Ghidra Nation State Level Reverse Engineering Tools
March 16, 2019
Ghidra is the newly released tool by the United States National Security Agency for reverse engineering software. It has been under active development for years. There is a lot to love about it. From my initial exploration the string deobfuscation, including inline context, is phenomenal.
Notes on Other Tools
I cut my teeth reverse engineering malware with IDA Pro. IDA is a fantastic piece of software that has many sharp pieces that can break off and choke small children. I’ve used IDA since it was first released. I own multiple IDA Pro related t-shirts.
Having spent about 5 years in management, woefully divorced from any ability to do reverse engineering, a lot changed in the field. About six months ago I got an IDA license and I found some huge deal killers for me:
- IDA is way more expensive. Realistically having ~$10k~ $13k worth of reverse engineering software is a hard sell for information security organizations.
- License management: In my opinion this is where IDA jumped the shark. It is now a complete pain in the ass to get IDA up and running, involving FlexLM and other crimes against humanity.

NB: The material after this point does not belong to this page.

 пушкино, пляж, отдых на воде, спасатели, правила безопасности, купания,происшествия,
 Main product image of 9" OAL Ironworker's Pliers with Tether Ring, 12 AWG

- The GUI is dated, and doesn’t play well with high DPI monitors. I have nothing but respect for Ilfak and his crew, they have done awesome work. I have also regrettably aged, and my corneas hardening means I need glasses, bigger fonts, etc. etc.
- The plugin architecture is just awful. I know and love IDA Python, including all of it’s nuances. It’s time to move forward.
Regrettably, the above limitations have prevented me from continuing my usage of IDA. What used to be a quick approval process with management for a license purchase has turned into a complex justification ordeal, writing exceptions to policy, and various other bureaucratic nonsense that comes from trying to spend that much money.
Before March 5, 2019 this was my primary reverse engineering tool that I had transitioned to. In addition to sane licensing costs, there is minimal license management, the GUI is based on Qt with full support for high-DPI monitors, and when I change the fonts it doesn’t look bad. The dark mode makes reduces eye strain. The Python API is great.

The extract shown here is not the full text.